Verbakel Natasha J, Langelaan Maaike, Verheij Theo J M, Wagner Cordula, Zwart Dorien L M
Department of General Practice, Julius Center for Health Sciences and Primary Care, University Medical Center Utrecht, Utrecht, The Netherlands.
Nivel, Netherlands Institute for Health Services Research, Utrecht, The Netherlands.
Br J Gen Pract. 2015 May;65(634):e319-29. doi: 10.3399/bjgp15X684853.
A constructive safety culture is essential for the successful implementation of patient safety improvements.
To assess the effect of two patient safety culture interventions on incident reporting as a proxy of safety culture.
A three-arm cluster randomised trial was conducted in a mixed method study, studying the effect of administering a patient safety culture questionnaire (intervention I), the questionnaire complemented with a practice-based workshop (intervention II) and no intervention (control) in 30 general practices in the Netherlands.
The primary outcome, the number of reported incidents, was measured with a questionnaire at baseline and a year after. Analysis was performed using a negative binomial model. Secondary outcomes were quality and safety indicators and safety culture. Mixed effects linear regression was used to analyse the culture questionnaires.

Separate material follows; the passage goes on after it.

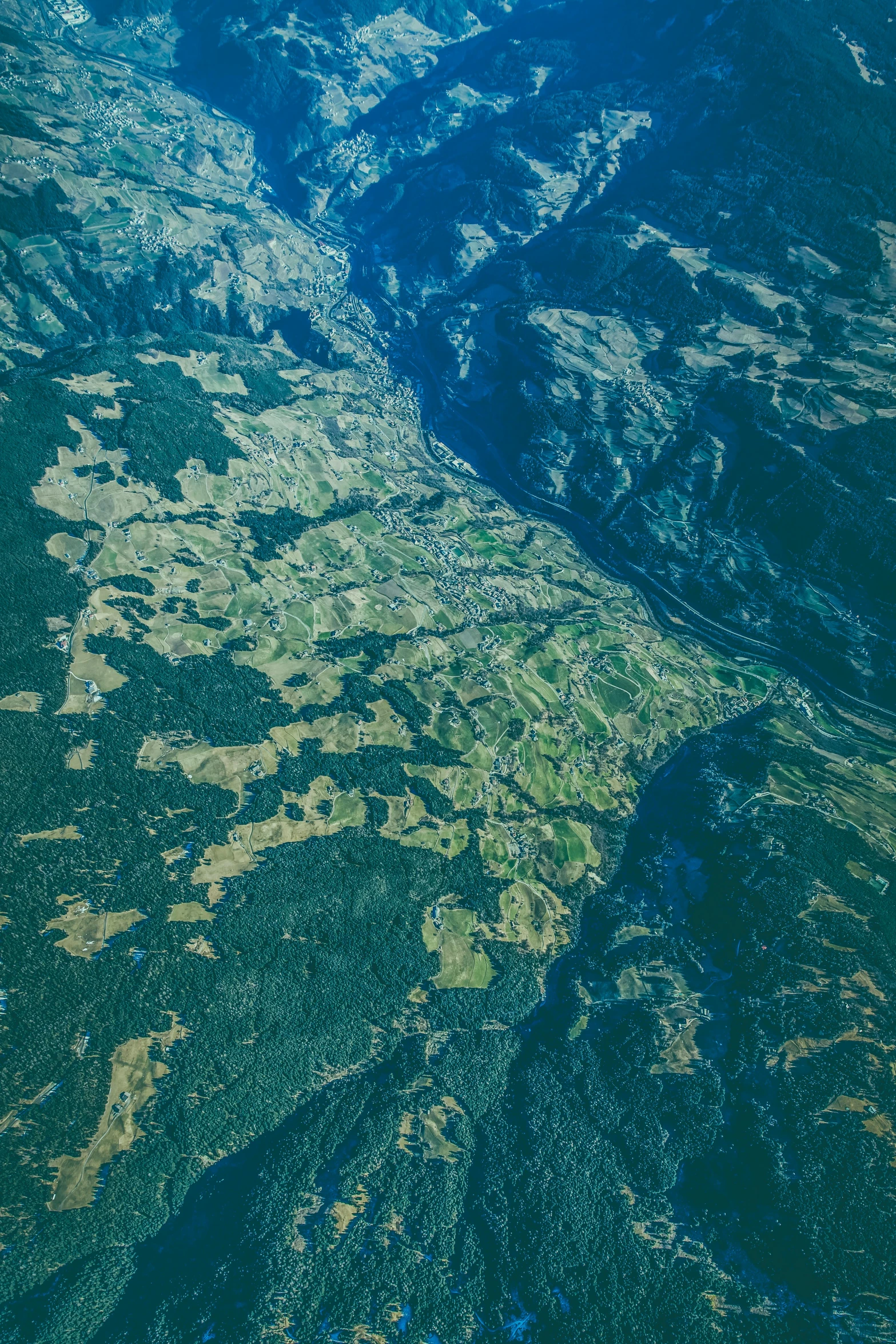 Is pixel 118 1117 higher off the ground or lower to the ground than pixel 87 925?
lower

The number of incidents increased in both intervention groups, to 82 and 224 in intervention I and II respectively. Adjusted for baseline number of incidents, practice size and accreditation status, the study showed that practices that additionally participated in the workshop reported 42 (95% confidence interval [CI] = 9.81 to 177.50) times more incidents compared to the control group. Practices that only completed the questionnaire reported 5 (95% CI = 1.17 to 25.49) times more incidents. There were no statistically significant differences in staff perception of patient safety culture at follow-up between the three study groups.
Educating staff and facilitating discussion about patient safety culture in their own practice leads to increased reporting of incidents. It is beneficial to invest in a team-wise effort to improve patient safety.
建设性的安全文化对于成功实施患者安全改进至关重要。
评估两种患者安全文化干预措施对作为安全文化代理指标的事件报告的影响。
在一项混合方法研究中进行了一项三臂整群随机试验,研究在荷兰的30家普通诊所中发放患者安全文化问卷(干预I)、辅以基于实践的研讨会的问卷(干预II)以及不进行干预(对照)的效果。
主要结局指标为报告的事件数量,在基线时和一年后通过问卷进行测量。使用负二项模型进行分析。次要结局指标为质量和安全指标以及安全文化。使用混合效应线性回归分析文化问卷。
两个干预组的事件数量均增加,干预I组和干预II组分别增加到82起和224起。在对基线事件数量、诊所规模和认证状态进行调整后,研究表明,额外参加研讨会的诊所报告的事件数量比对照组多42倍(95%置信区间[CI]=9.81至177.50)。仅完成问卷的诊所报告的事件数量多5倍(95%CI=1.17至25.49)。三个研究组在随访时工作人员对患者安全文化的认知没有统计学上的显著差异。
对工作人员进行教育并促进他们在自己的实践中讨论患者安全文化会导致事件报告增加。进行团队协作努力以提高患者安全是有益的。